We want to present each data collection in a separate search tab. The Dryad tab should be the default, but we want to give the user the option to view the results from these other collections. We want to display a hit count so the user will know, without clicking on the tab, how many resources are available from the other collection. This requires some customization of the DSpace Discovery module.
Since the additional functionality that we want to provide is something that is, at least at this point, unique to Dryad we wanted to make as few changes to the underlying Discovery module as possible, preferring instead to provide a thin layer over the Discovery module that would treat our harvested collections differently from other collections (and from other search facets in general).
When a user searches Dryad, the Discovery module is used to query a Solr index and return results. This takes place through a mix of Solr and Discovery specific search and display syntax. The tabbed searching that sits on top of Discovery works directly with Solr, avoiding the Discovery module, with the exception that it must take the Discovery query that is embedded in the page's metadata and convert any Discovery specific syntax into the corresponding Solr syntax.
This translation is done so that Solr can be queried directly to get the number of hits for the same search performed against a harvested collection. Parsing the Discovery query syntax is also important because the tabbed search layer must create a URL with the Discovery syntax so that when a user clicks on a search tab s/he performs that search in Dryad (using the Discovery module). The process works like this:
- User queries Dryad
- Discovery module handles query, returns results, and puts query URL into the page's metadata
- Dryad XSLT processes page metadata and uses the functions in the !DryadSearch.xsl file to parse out the elements of the query (deduping when necessary, changing syntax to pure Solr syntax, etc.)
- Dryad XSLT puts the cleaned query URL into a class attribute for each tab that will be displayed in HTML
- Dryad XSLT creates a link back into Dryad with the parameters required to query that harvested collection using the Discovery module (each collection has a collection ID within DSpace that can be passed in as a location parameter to narrow a search to a collection)
- The user's browser loads the HTML that is created by the Dryad XSLT
- Instead of returning lots of XML results, Solr just returns the wrapper information for such a search, which includes a total number of results found (this is controlled by setting the Solr search paramer rows to 0)
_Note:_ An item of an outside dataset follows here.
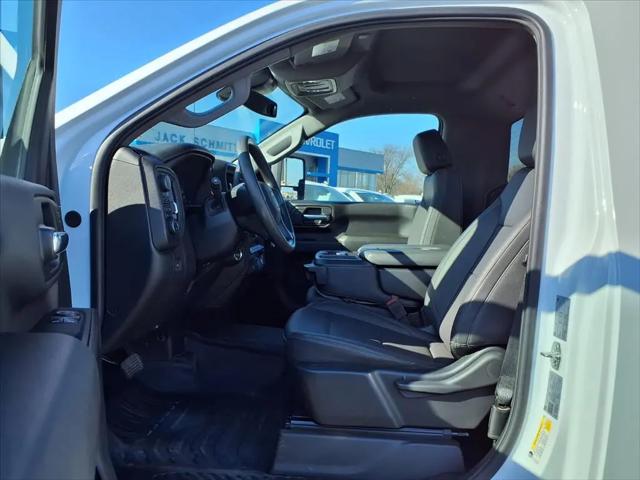 2025 Chevrolet Silverado 2500HD 4WD Regular Cab Long Bed Work Truck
- It ends with the tab containing the number of hits a search would retrieve and a URL for that search to be performed in Dryad; the user can now click on that tab and display the results in the main Dryad interface
- This toggling of which tab is active takes places in the Dryad XSLT and is based on the collection IDs that are passed as location parameters in the URL query; these are currently hard-coded values in the XSLT so any additional Dryad instances need to insure that they use the same collection IDs for collections (which should happen automatically when a database is copied from one instance to another)
Configuration is hard-coded in the XSLT for now. It consists of associating an externally harvested collection with a particular DSpace collection ID, which is then used in the DryadSearch.xsl
Relation to DSpace
The Dryad tabbed search functionality is related to, and uses, the DSpace Discovery module. The version of DSpace used by Dryad currently is 1.6.2. The version of Discovery that Dryad uses is tagged version 0.9.4
Discovery is going to be more completely integrated into the DSpace core going forward (though will remain a distinct module as DSpace moves towards structuring the entire codebase using smaller, interrelated modules).